I first rode the Colnago C64 for a hot minute in January. The bike had its North American launch in Tucson, Ariz., so by noon that day, it was nicely warm. By late afternoon, the test ride was over, which was technically longer than a minute, yes, but a short ride nonetheless. Months later, the C64 arrived at my office for some more extensive testing.
Colnago’s C series started in the early ’90s with the C40. It wasn’t the first bike made from carbon-fibre tubes, but it featured a frame material that was still novel for the pro peloton. Giorgio Squinzi, the head of Mapei, worried that the bike wasn’t strong enough to handle the cobbles of Paris-Roubaix. Franco Ballerini won in Roubaix in 1995 on the C40. Three more ParisRoubaix wins came on the bike in 1996, 1998 and 1999.
Components: Campagnolo Super Record, mechanical
Wheels: Campagnolo Bora Ultra 50
Sizes: 42s, 45s, 48s, 50s, 52s, 54s, 56s, 58s, 60s, 48h; 50h, 52h, 54h, 56h
Price: $7,540 (frame, fork, seatpost and headset)
Like the C40, the C64 is made in Italy with carbon-fibre tubes fit into carbon-fibre lugs. It’s a process with more similarities to the way Ernesto Colnago fashioned steel frames than with the contemporary carbon-fibre production process that uses moulds. The tubes of the C64 – as with the previous C model, the C60 – have a fluted, star-shape. On the new frame, the head-tube lug and fork blades have indents, which are new weight-saving design elements. In the seat-tube lug, there’s an alloy seat clamp. You adjust your seatpost by loosening or tightening a bolt tucked under the seat-tube lug. This system saves about 15 g. The D shape seatpost comes from Colnago’s V2-R, while the upper cups at the headset come from the Concept aero bike. These cups are made with carbon fibre, nylon and elastomers, and help to dampen road vibrations. My test bike was a rim-brake model, however, there’s also a disc-brake version available.
While the C series bikes used to be built with Colnago’s traditional geometry – featuring a horizontal top tube – and sloping geometry, the C64 frame comes in nine sizes of sloping. Also, there are four high-geometry options that have head tubes that are 15 mm taller (20 mm in the case of the 56h) than their sloping siblings. For traditional geometry, you’ll have to took to Colnago’s steel frames. While I usually ride a Size 54 frame, the 50s C64 fit me perfectly.
I’ve ridden a number of Italian super frames, all of which were, in fact, super. The C64, however, seems the most balanced. It steers beautifully into and through corners. It zips forward effortlessly when I press on the pedals. Yet, it’s perfectly content to cruise along. I had some glorious long rides on this bike. If I felt shattered at the end, it was from going too hard, not from any harshness in the frame. I didn’t find any pavé à la Roubaix, but about 5-km of gravel was my local equivalent.

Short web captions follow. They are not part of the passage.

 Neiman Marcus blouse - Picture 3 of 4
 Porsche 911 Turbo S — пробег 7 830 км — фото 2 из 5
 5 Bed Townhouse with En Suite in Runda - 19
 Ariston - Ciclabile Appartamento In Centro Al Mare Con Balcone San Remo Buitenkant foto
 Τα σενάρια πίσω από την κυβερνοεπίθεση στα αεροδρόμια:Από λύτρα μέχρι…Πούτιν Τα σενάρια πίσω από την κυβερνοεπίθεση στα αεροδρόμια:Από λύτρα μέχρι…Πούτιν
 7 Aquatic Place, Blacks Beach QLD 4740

The bike with its 25c tires was fine on the rocky roads. The frame can accommodate 28c treads, which handle the bumps better.
As you might expect, the bike I tested came spec’d with Campagnolo components. The mechanical Super Record gruppo performed well, its chain making Campy’s telltale kerchunk when it switched to a new cog. If you’d like to spec your C series bike with Shimano, as Mapei did, you can. With the proper finishing kit, you can have your bike outfitted with Shimano, Campy or SRAM groupsets, mechanical or electrical.
After that short first ride, and the long wait for a test bike, I had the pleasure of riding the C64 for months. It’s a bike that had me neglecting my regular ride, without any feelings of guilt. After all, I knew once the C64 was gone, those few months with the bike would feel like only a hot minute.